To split jobs between the various sites of the OSG, information about each site's capabilities are uploaded to a central collector. The job factories then query the central collector for idle resources and submit pilot jobs to the available sites. To advertise your site, you will need to enter some information about the worker nodes of your clusters.

Please see the Subcluster / Resource Entry configuration document about configuring the data that will be uploaded to the central collector.

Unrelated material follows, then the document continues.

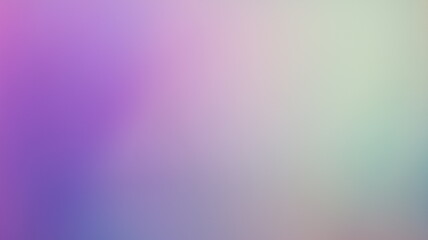Obraz premium Blurred colored abstract background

Applying configuration settings

Making changes to the OSG configuration files in the /etc/osg/config.d directory does not apply those settings to software automatically. Settings that are made outside of the OSG directory take effect immediately or at least when the relevant service is restarted. For the OSG settings, use the osg-configure tool to validate (to a limited extent) and apply the settings to the relevant software components. The osg-configure software is included automatically in an HTCondor-CE installation.

  1. Make all changes to .ini files in the /etc/osg/config.d directory

    Note: This document describes the critical settings for HTCondor-CE and related software. You may need to configure other software that is installed on your HTCondor-CE host, too.

  2. Validate the configuration settings

    [root@client ~]$ osg-configure -v

    Fix any errors (at least) that osg-configure reports.

  3. Once the validation command succeeds without errors, apply the configuration settings:

    [root@client ~]$ osg-configure -c
  4. Generate a user-vo-map file with your authorization set up:

    1. If you're using edg-mkgridmap, run the following:

      [root@client ~]$ edg-mkgridmap
    2. If you're using GUMS, run the following:

      [root@client ~]$  gums-host-cron

Optional configuration

The following configuration steps are optional and will likely not be required for setting up a small site. If you do not need any of the following special configurations, skip to the section on using HTCondor-CE.

Transforming and filtering jobs

If you need to modify or filter jobs, more information can be found in the Job Router Recipes document.

HELP NOTE
If you need to assign jobs to HTCondor accounting groups, refer to this section.

Configuring for multiple network interfaces

If you have multiple network interfaces with different hostnames, the HTCondor-CE daemons need to know which hostname and interface to use when communicating to each other. Set NETWORK_HOSTNAME and NETWORK_INTERFACE to the hostname and IP address of your public interface, respectively, in /etc/condor-ce/config.d/99-local.conf directory with the line:

NETWORK_HOSTNAME=condorce.example.com
NETWORK_INTERFACE=127.0.0.1

Replacing condorce.example.com text with your public interface’s hostname and 127.0.0.1 with your public interface’s IP address.

Limiting or disabling locally jobs running on the CE

If you want to limit or disable jobs running locally on your CE, you will need to configure HTCondor-CE's local and scheduler universes. Local and scheduler universes are HTCondor-CE’s analogue to GRAM’s managed fork: they allow jobs to be run on the CE itself, mainly for remote troubleshooting. Pilot jobs will not run as local/scheduler universe jobs so leaving them enabled does NOT turn your CE into another worker node.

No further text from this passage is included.